# What you will do:
Look for the line containing "Exposition Sport Planète" in the records below. Then output it and all the lines that follow, exactly and without any others.

# Record extracts:
:::

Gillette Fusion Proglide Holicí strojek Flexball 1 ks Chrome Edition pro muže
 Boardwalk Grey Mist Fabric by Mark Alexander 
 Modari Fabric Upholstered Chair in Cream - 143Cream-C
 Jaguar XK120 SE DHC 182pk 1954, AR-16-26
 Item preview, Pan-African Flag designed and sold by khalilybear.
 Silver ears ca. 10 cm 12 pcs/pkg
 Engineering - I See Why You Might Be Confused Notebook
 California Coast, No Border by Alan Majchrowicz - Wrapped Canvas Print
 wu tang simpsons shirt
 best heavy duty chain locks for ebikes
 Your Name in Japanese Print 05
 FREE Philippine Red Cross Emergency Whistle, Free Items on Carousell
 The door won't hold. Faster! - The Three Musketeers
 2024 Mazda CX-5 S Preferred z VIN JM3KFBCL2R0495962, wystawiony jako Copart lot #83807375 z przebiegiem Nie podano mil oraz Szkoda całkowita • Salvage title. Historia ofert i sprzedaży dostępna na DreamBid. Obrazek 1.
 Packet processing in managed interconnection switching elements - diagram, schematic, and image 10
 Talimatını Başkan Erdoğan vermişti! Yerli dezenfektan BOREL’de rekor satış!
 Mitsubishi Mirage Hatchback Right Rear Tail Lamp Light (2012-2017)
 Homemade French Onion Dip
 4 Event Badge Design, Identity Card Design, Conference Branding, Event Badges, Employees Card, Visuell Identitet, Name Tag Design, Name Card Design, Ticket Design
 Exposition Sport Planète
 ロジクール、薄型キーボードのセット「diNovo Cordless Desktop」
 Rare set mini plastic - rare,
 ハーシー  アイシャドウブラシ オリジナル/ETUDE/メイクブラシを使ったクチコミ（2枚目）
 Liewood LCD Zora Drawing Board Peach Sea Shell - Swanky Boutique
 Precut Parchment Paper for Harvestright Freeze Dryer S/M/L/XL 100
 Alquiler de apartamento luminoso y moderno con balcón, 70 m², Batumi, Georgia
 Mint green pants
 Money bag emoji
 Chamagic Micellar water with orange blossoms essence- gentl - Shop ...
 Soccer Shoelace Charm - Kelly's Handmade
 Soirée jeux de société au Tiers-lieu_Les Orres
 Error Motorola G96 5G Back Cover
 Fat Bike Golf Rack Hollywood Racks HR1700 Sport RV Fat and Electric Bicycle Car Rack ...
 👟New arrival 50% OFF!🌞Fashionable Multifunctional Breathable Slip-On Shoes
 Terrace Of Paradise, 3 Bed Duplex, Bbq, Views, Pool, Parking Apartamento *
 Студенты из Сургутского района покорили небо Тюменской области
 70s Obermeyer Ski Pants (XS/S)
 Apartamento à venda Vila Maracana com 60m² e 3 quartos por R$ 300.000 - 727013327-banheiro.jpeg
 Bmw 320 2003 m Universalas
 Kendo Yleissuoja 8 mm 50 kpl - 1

:::

# Your response:
 Exposition Sport Planète
 ロジクール、薄型キーボードのセット「diNovo Cordless Desktop」
 Rare set mini plastic - rare,
 ハーシー  アイシャドウブラシ オリジナル/ETUDE/メイクブラシを使ったクチコミ（2枚目）
 Liewood LCD Zora Drawing Board Peach Sea Shell - Swanky Boutique
 Precut Parchment Paper for Harvestright Freeze Dryer S/M/L/XL 100
 Alquiler de apartamento luminoso y moderno con balcón, 70 m², Batumi, Georgia
 Mint green pants
 Money bag emoji
 Chamagic Micellar water with orange blossoms essence- gentl - Shop ...
 Soccer Shoelace Charm - Kelly's Handmade
 Soirée jeux de société au Tiers-lieu_Les Orres
 Error Motorola G96 5G Back Cover
 Fat Bike Golf Rack Hollywood Racks HR1700 Sport RV Fat and Electric Bicycle Car Rack ...
 👟New arrival 50% OFF!🌞Fashionable Multifunctional Breathable Slip-On Shoes
 Terrace Of Paradise, 3 Bed Duplex, Bbq, Views, Pool, Parking Apartamento *
 Студенты из Сургутского района покорили небо Тюменской области
 70s Obermeyer Ski Pants (XS/S)
 Apartamento à venda Vila Maracana com 60m² e 3 quartos por R$ 300.000 - 727013327-banheiro.jpeg
 Bmw 320 2003 m Universalas
 Kendo Yleissuoja 8 mm 50 kpl - 1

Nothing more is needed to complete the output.